We disagree with DP-Tek’s interpretation of Kansas law. The Kansas Supreme Court has applied the Turner malice requirement in a tortious interference case not involving defamation. See Dickens v. Snodgrass Dunlap & Co., 872 P.2d 252, 257 (Kan. 1994) (“Tortious interference with a contract is predicated on malicious conduct by the defendant.” (citing Turner, 722 P.2d at 1106)). Dickens thus clearly indicates that malice is a predicate for tortious interference and is not limited to cases involving allegations of defamatory conduct.
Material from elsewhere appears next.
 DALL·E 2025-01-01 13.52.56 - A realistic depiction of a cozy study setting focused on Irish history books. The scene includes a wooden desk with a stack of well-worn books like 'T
We follow the pronouncement of the state’s highest court rather than a distinction urged in a federal district court footnote.

18

L & M does not point to specific facts showing malicious conduct by BEI, instead basing this appeal on the argument that malice is not an element of tortious interference claims. L & M’s failure to prevail on this point of law thus ends its case as to its tort claims.

V.

19

The judgment is AFFIRMED. The mandate shall issue forthwith.

NOTE:

*

The Honorable Frank J. Magill, Senior Circuit Judge, United States Court of Appeals for the Eighth Circuit, sitting by designation.